Le clivage générationnel en Allemagne est d'autant plus visible avec la popularité croissante des "Fridays for future", ces manifestations de jeunes tous les vendredis matin pour le climat. Une mobilisation régulièrement dénoncée par la CDU qui appelle les élèves à rester en cours.

Surprise par le caractère viral des critiques de Rezo juste avant des élections européennes qui s'annoncent difficiles pour les grands partis traditionnels, Annegret Kramp-Karrenbauer, la cheffe du parti et dauphine supposée d'Angela Merkel, a tenté l'ironie biblique.

"Je me suis demandé pourquoi nous ne sommes en fait pas aussi responsables des sept plaies d'Egypte", a-t-elle déclaré mercredi, en campagne à Kiel.

Puis jeudi, la CDU a publié une lettre ouverte tutoyant l'influenceur et lui reprochant de vouloir faire du clic.

La vidéo de Rezo fait des raccourcis "pour provoquer". "La devise des YouTubers sont les clics.
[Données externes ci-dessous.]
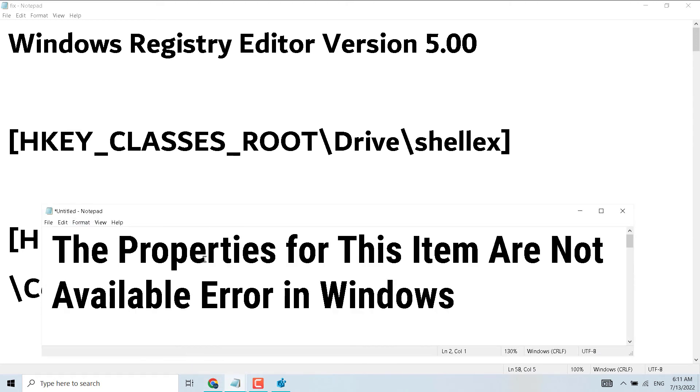Hopefully, using this simple and easy method, we can fix and resolve the 'Properties for this item are not available' error in Windows 10 or 11. Thanks for watching, please comment.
La devise d'un parti du peuple comme la CDU c'est la confiance", souligne la CDU.

- 'Capitulation' -

Le secrétaire général des chrétiens-démocrates, Paul Ziemiak, 33 ans, qui avait dans un premier temps dénoncé des critiques "fausses", a adouci le ton en conviant Rezo à une rencontre, en compagnie notamment de Philipp Amthor, un député de 26 ans.

M. Ziemiak, ancien chef des jeunes du parti, a aussi admis, dans un entretien à l'AFP, que son parti avait des "progrès à faire", pour s'adresser aux jeunes et être réactif sur les réseaux sociaux.

La CDU a malgré tout renoncé à apporter une réponse en vidéo à Rezo et tenter de s'adresser à son public. "Une capitulation", moque le quotidien le plus lu du pays, Bild.

Un site satirique, Postillon, a lui caricaturé la riposte de Mme Kramp-Karrenbauer...brandissant une cassette VHS.

Bien que partenaire de la CDU au sein de la coalition dirigée par Angela Merkel, le parti social-démocrate SPD a salué dans cette vidéo le fait que "les jeunes s'engagent politiquement, dans les manifestations pour le climat chaque vendredi".

"La façon dont nous nous adressons aux gens et dont nous communiquons est sur le point de subir un changement fondamental" prédit le secrétaire général du SPD, Lars Klingbeil, auprès du groupe de médias régionaux Funke Medien Gruppe.